> Work instructions:
Only the lines below from the one that contains "Puede incluir: Un" through the one that contains "The lobby of" should appear in your answer, exact and without pictures.

> Records for the task:
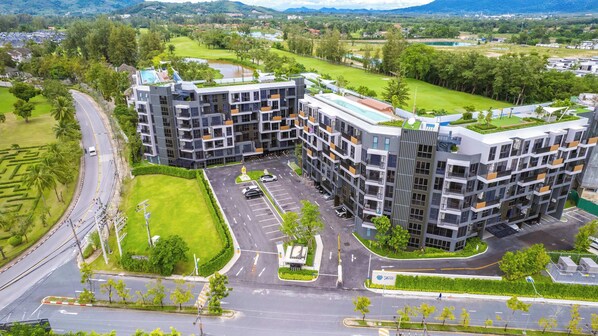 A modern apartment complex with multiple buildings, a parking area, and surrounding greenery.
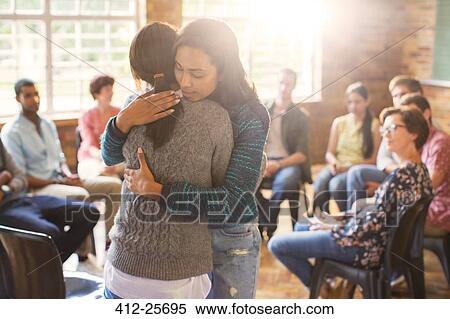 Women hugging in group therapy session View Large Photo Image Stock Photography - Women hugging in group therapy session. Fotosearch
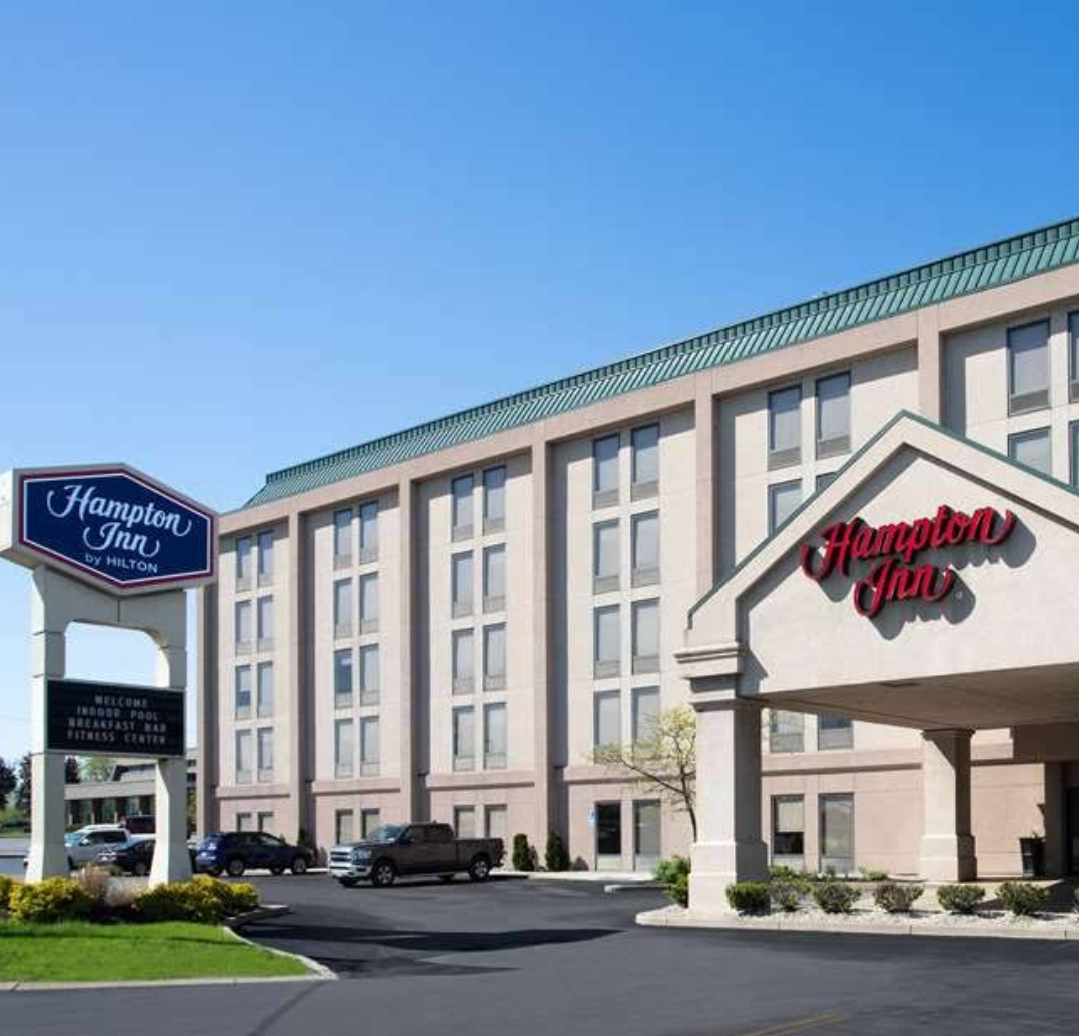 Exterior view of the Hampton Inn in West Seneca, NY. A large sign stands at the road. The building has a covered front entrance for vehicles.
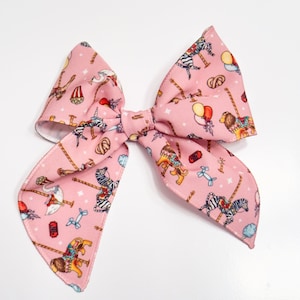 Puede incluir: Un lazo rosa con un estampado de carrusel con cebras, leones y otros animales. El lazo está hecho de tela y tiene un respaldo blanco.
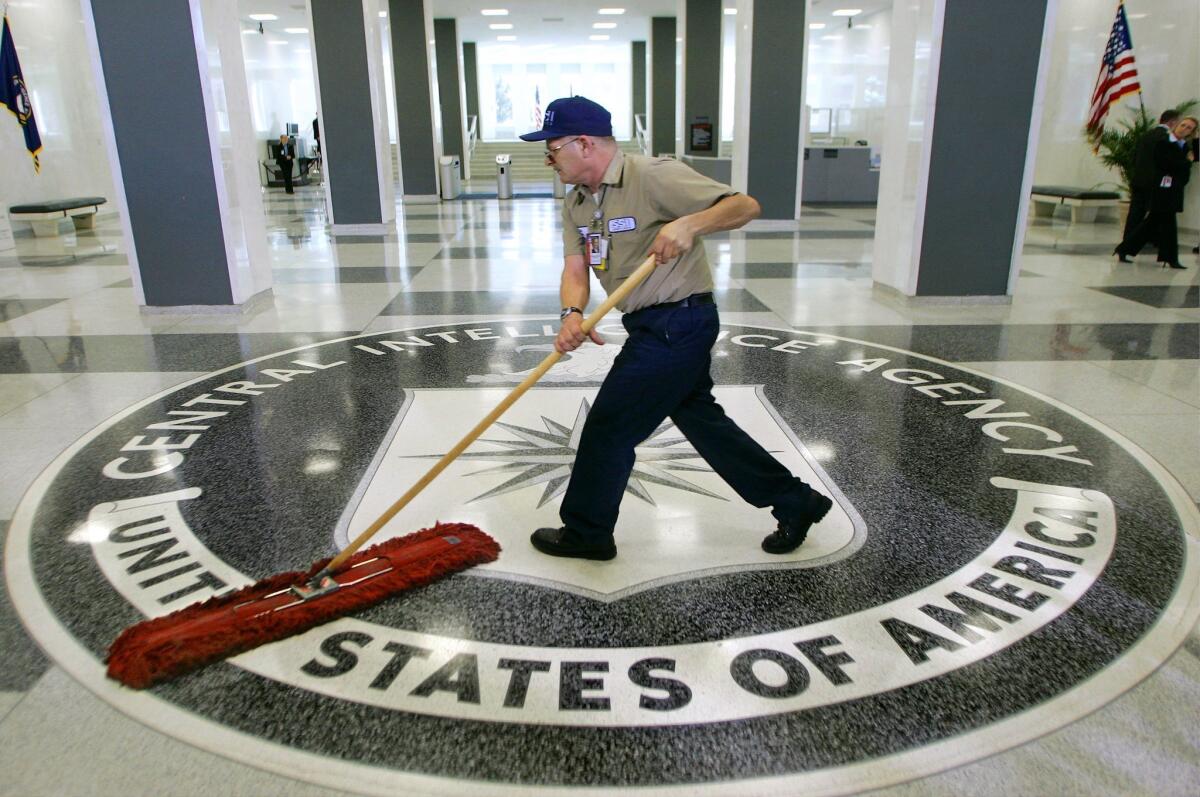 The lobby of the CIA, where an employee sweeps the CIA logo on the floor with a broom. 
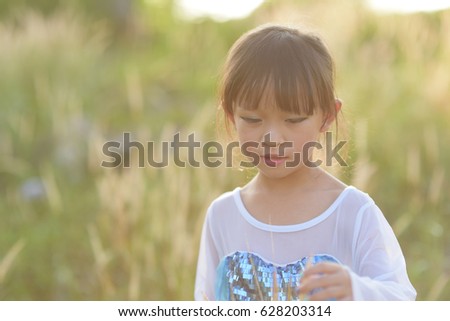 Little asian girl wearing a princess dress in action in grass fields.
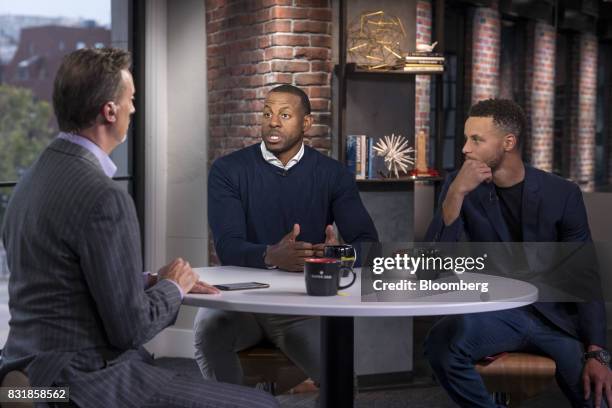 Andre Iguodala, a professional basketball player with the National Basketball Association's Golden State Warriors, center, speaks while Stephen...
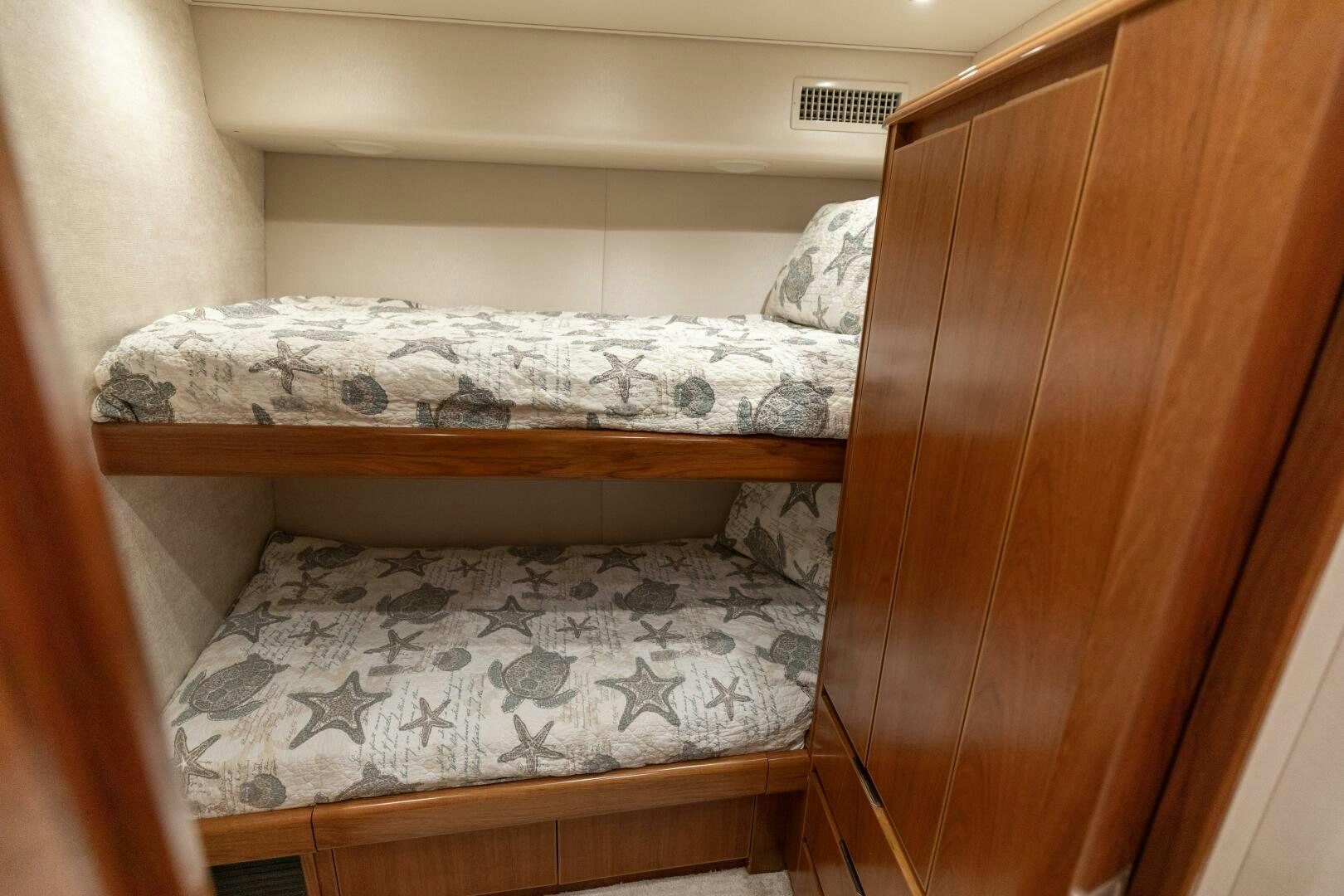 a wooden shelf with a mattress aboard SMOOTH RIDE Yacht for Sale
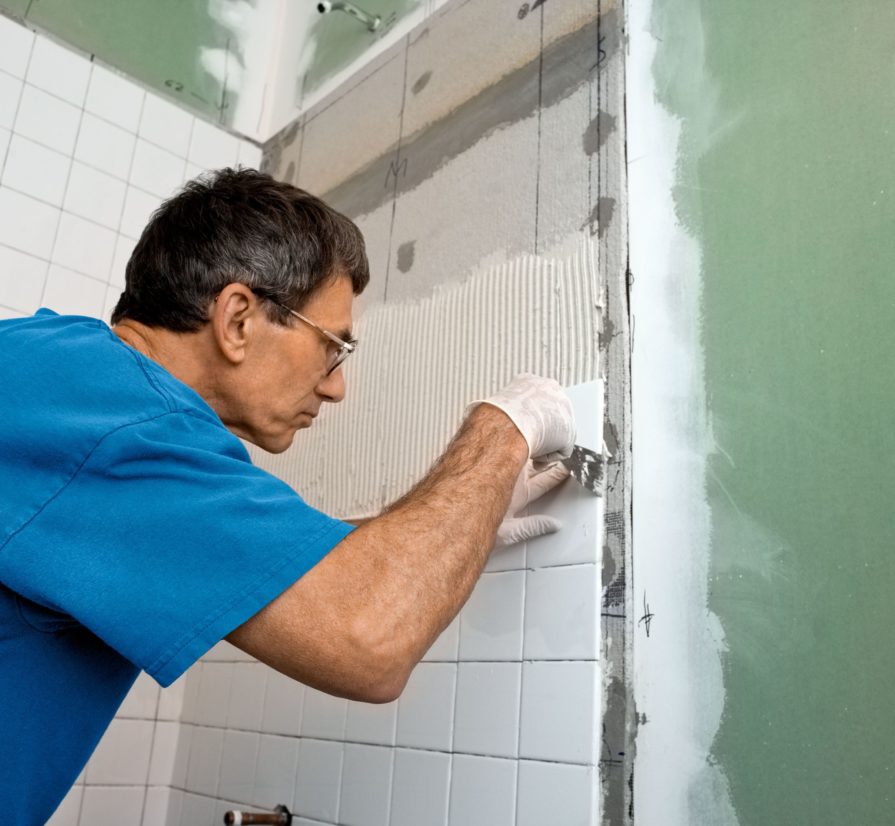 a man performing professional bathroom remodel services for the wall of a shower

> Answer area:
 Puede incluir: Un lazo rosa con un estampado de carrusel con cebras, leones y otros animales. El lazo está hecho de tela y tiene un respaldo blanco.
 The lobby of the CIA, where an employee sweeps the CIA logo on the floor with a broom. 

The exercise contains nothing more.